(Image-caption web data)
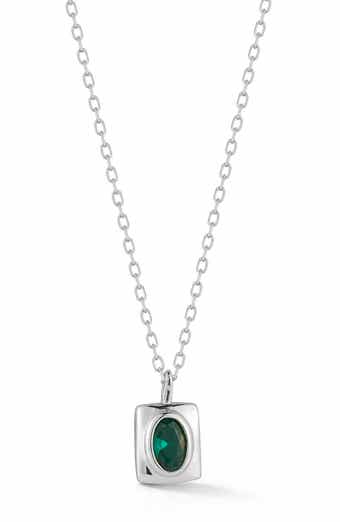 SPHERA MILANO Cubic Zirconia Pendant Necklace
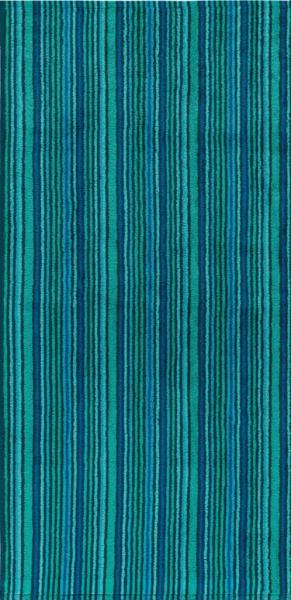 Combi Stripes Handtuch 50x100cm grün 500g/m² 100% Baumwolle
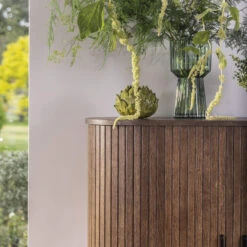 Annika Smoked Oak Slatted Sliding 2 Door Cabinet 25 Annika Smoked Oak Slatted Sliding 2 Door Cabinet -Housing Units Shop fc0c7e262367c1a5ec82e7e7fccb1681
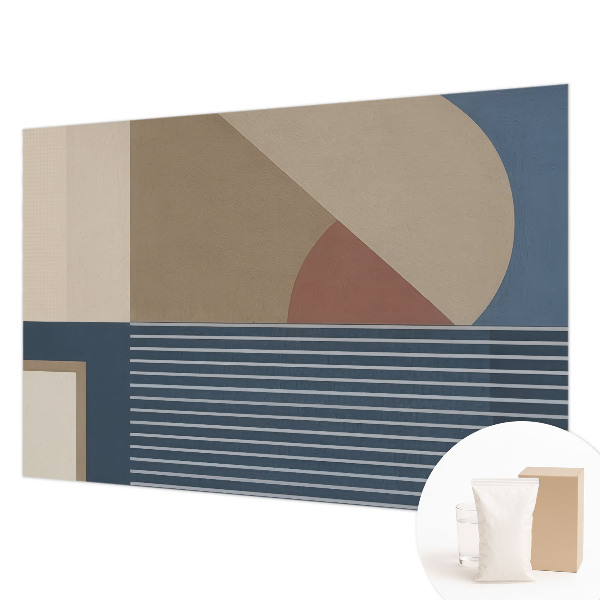 Mural de pared con estampado hermoso con una geometría armoniosa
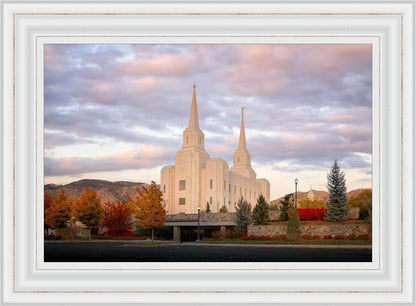 Brigham City Temple Seasons Change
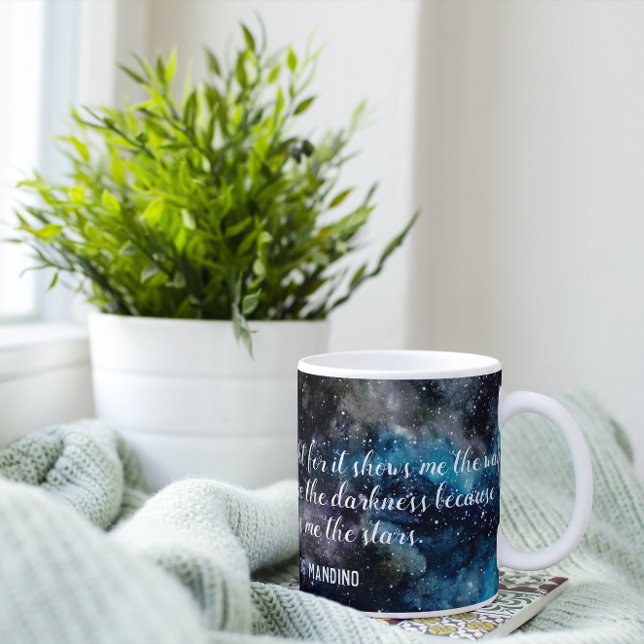 Og Mandino Stars Quote Celestial Kaffemugg (Skapare uppladdad)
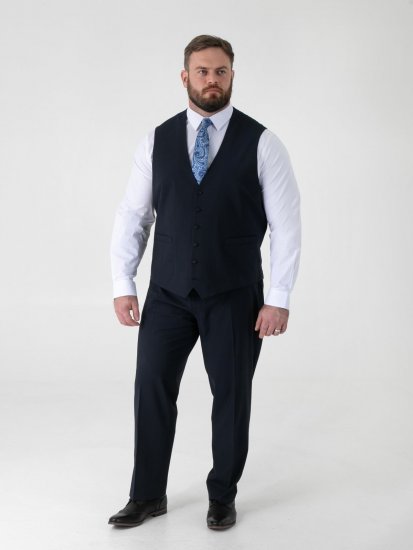 D555 Ted Anzugweste Navyblau - Herrenanzüge und -blazer - Herrenanzüge und -blazer in großen Größen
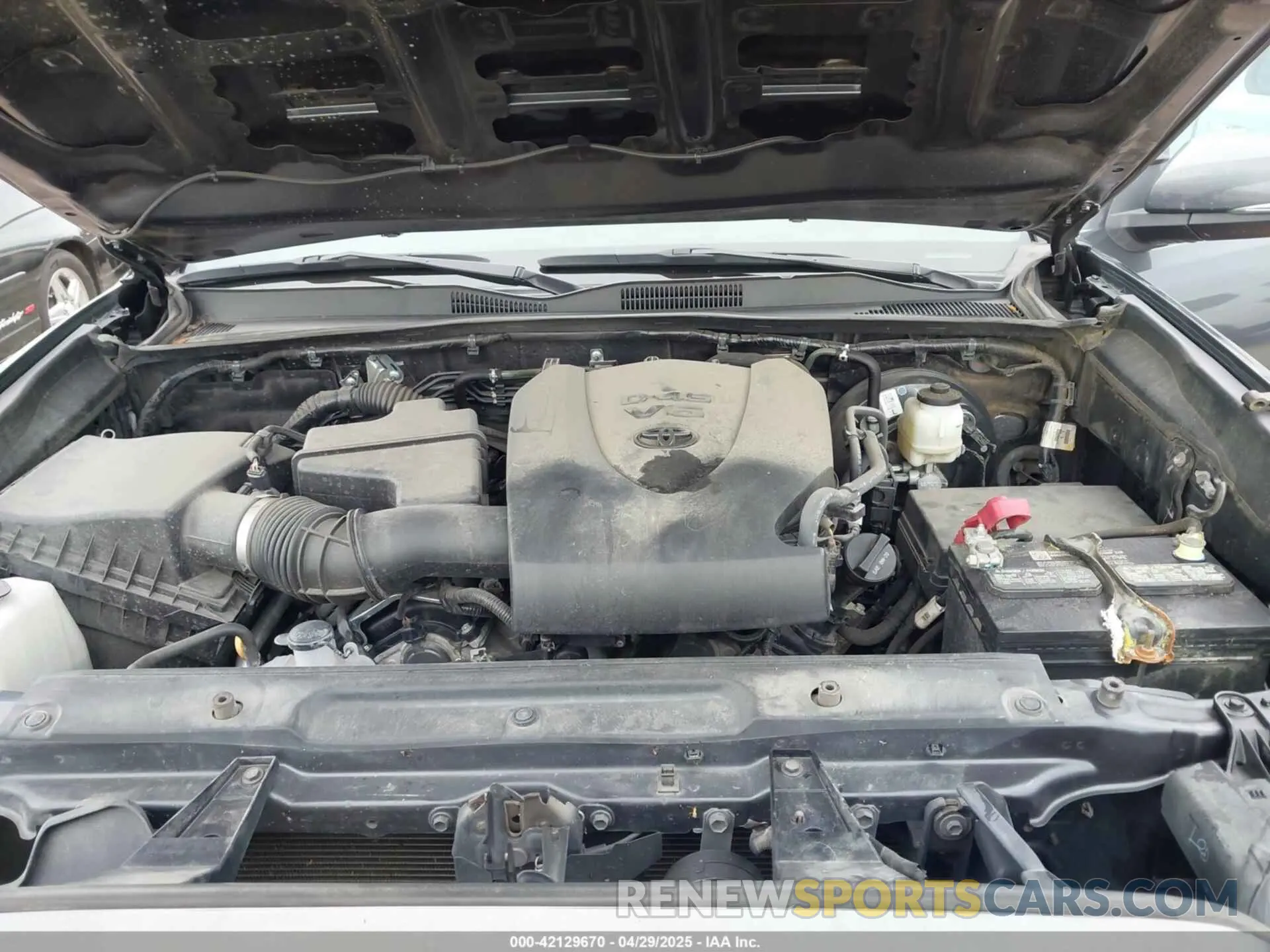 10 fotografías del automóvil dañado 3TMAZ5CN7NM184856 TOYOTA TACOMA 2022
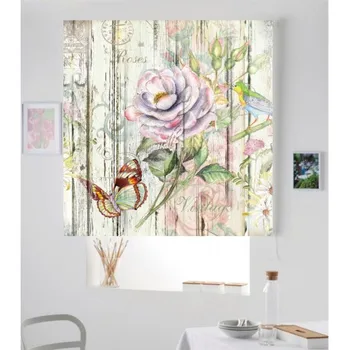 

Blind Iroa Decorative Digital Roses! ROLLER BLINDS TRANSLUCENT! (100X170)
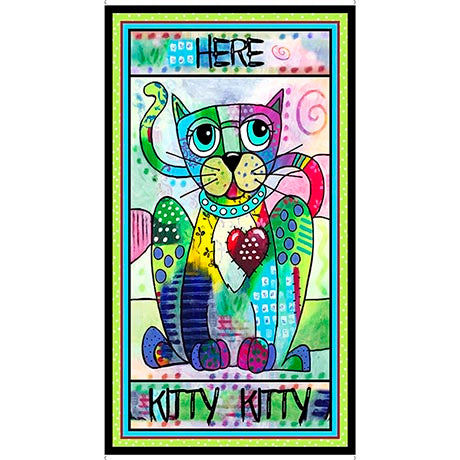 Here Kitty Kitty 24" x 43" Panel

Problem requirements: Leave out the images and copy all remaining data word for word.

Output below:
 SPHERA MILANO Cubic Zirconia Pendant Necklace
 Combi Stripes Handtuch 50x100cm grün 500g/m² 100% Baumwolle
 Annika Smoked Oak Slatted Sliding 2 Door Cabinet 25 Annika Smoked Oak Slatted Sliding 2 Door Cabinet -Housing Units Shop fc0c7e262367c1a5ec82e7e7fccb1681
 Mural de pared con estampado hermoso con una geometría armoniosa
 Brigham City Temple Seasons Change
 Og Mandino Stars Quote Celestial Kaffemugg (Skapare uppladdad)
 D555 Ted Anzugweste Navyblau - Herrenanzüge und -blazer - Herrenanzüge und -blazer in großen Größen
 10 fotografías del automóvil dañado 3TMAZ5CN7NM184856 TOYOTA TACOMA 2022

Blind Iroa Decorative Digital Roses! ROLLER BLINDS TRANSLUCENT! (100X170)
 Here Kitty Kitty 24" x 43" Panel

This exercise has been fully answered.